Problem details → Return the records below in full. Keep every word exact and skip the images.

Data extracted from a collection
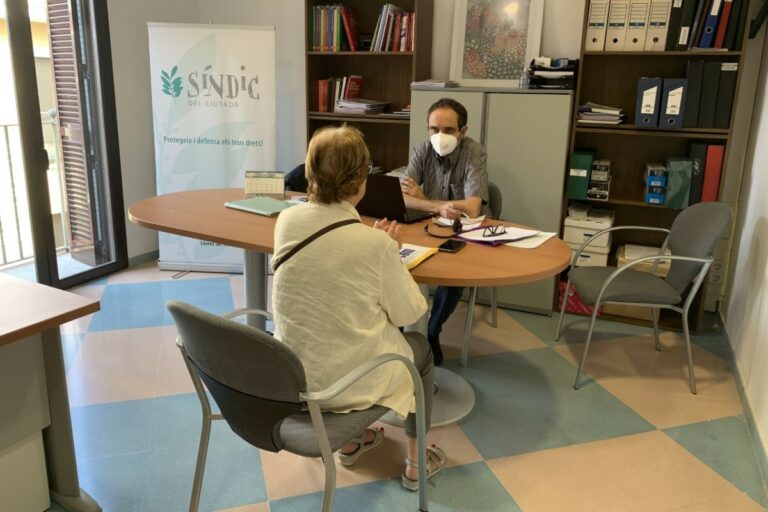Un representant del Sindic de Greuges atenent una visita aquest dilluns a Lloret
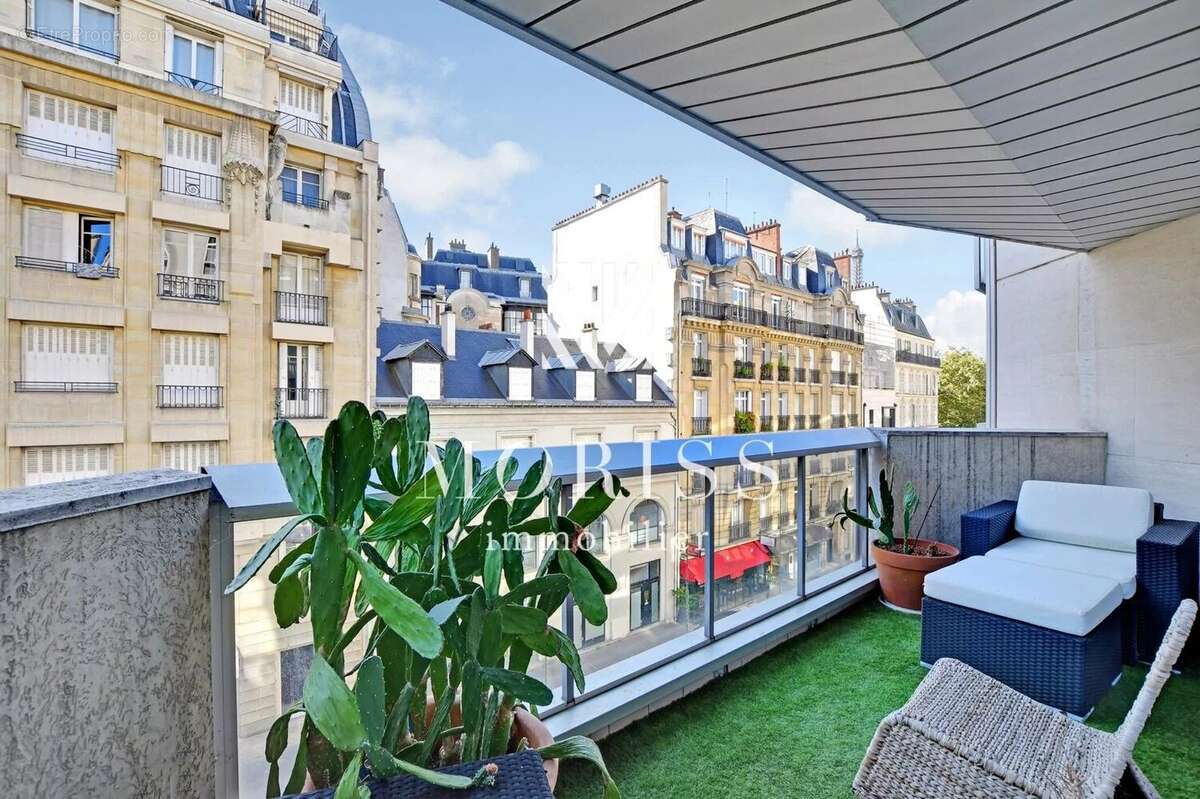 Appartement à PARIS-8E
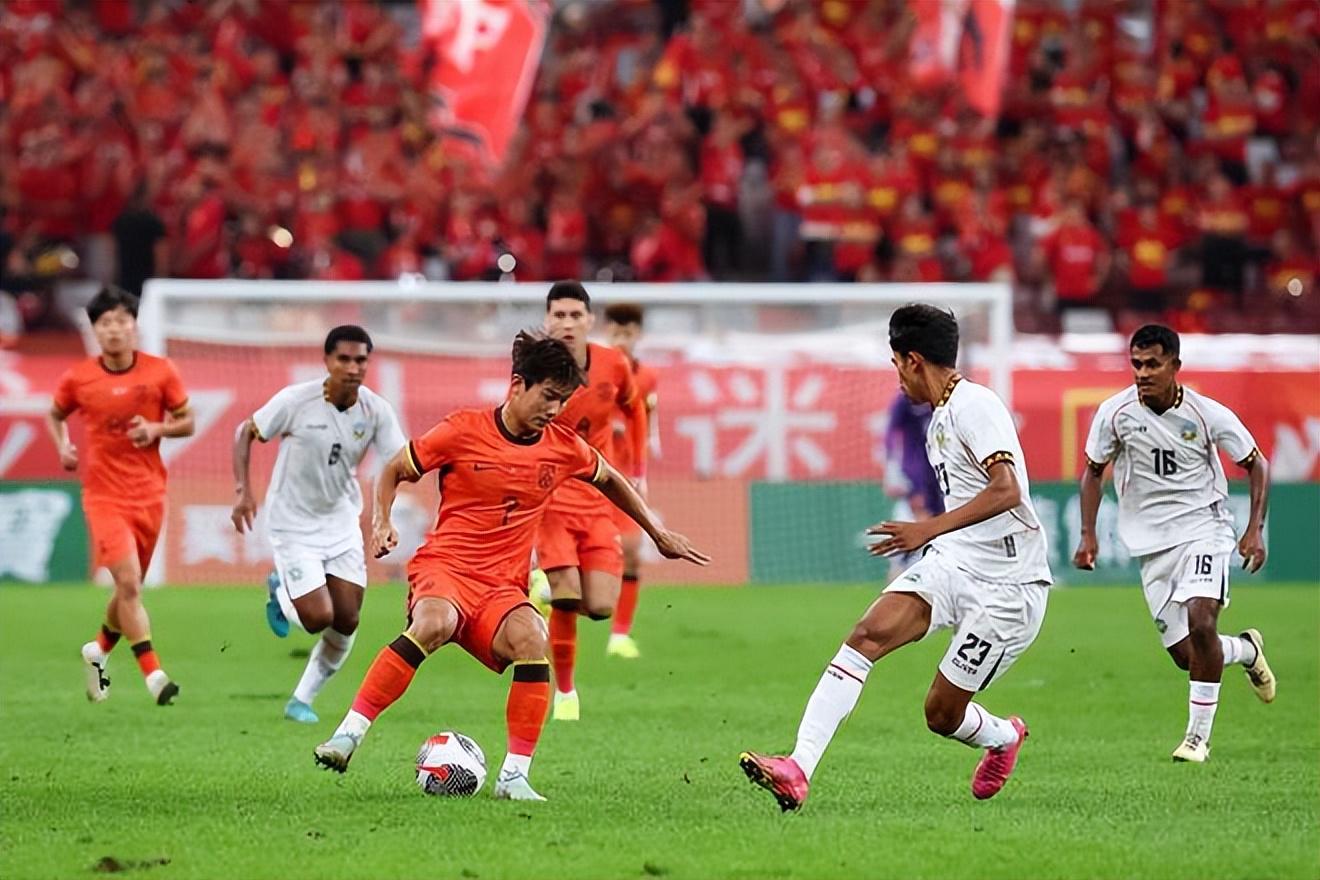 米兰体育官网-菜鸡在菜地踢球，U22国足菜到让宋凯“慌了”！安东尼奥跌落神坛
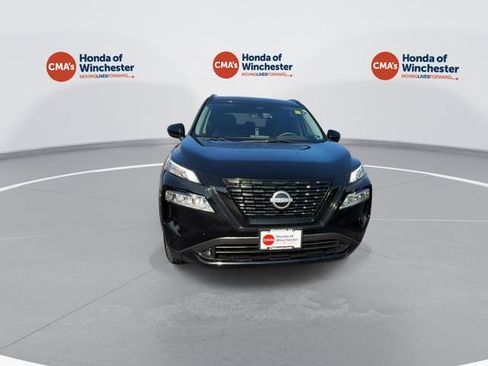 Used 2023 Nissan Rogue SV w/ SV Premium Package image 3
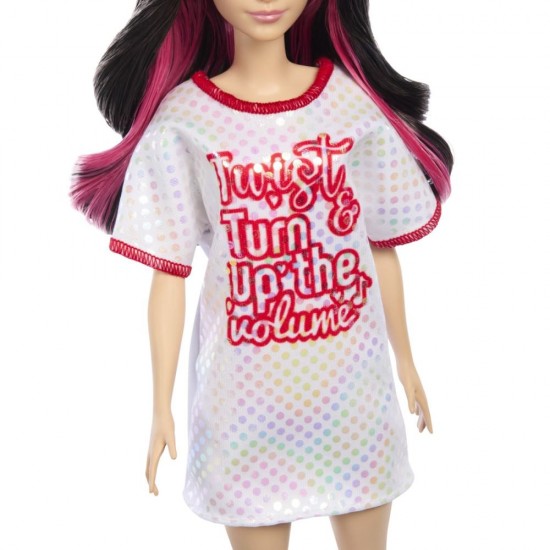 Papusa Barbie Fashionistas bruneta cu rochita sport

Exercise response →
Un representant del Sindic de Greuges atenent una visita aquest dilluns a Lloret
 Appartement à PARIS-8E
 米兰体育官网-菜鸡在菜地踢球，U22国足菜到让宋凯“慌了”！安东尼奥跌落神坛
 Used 2023 Nissan Rogue SV w/ SV Premium Package image 3
 Papusa Barbie Fashionistas bruneta cu rochita sport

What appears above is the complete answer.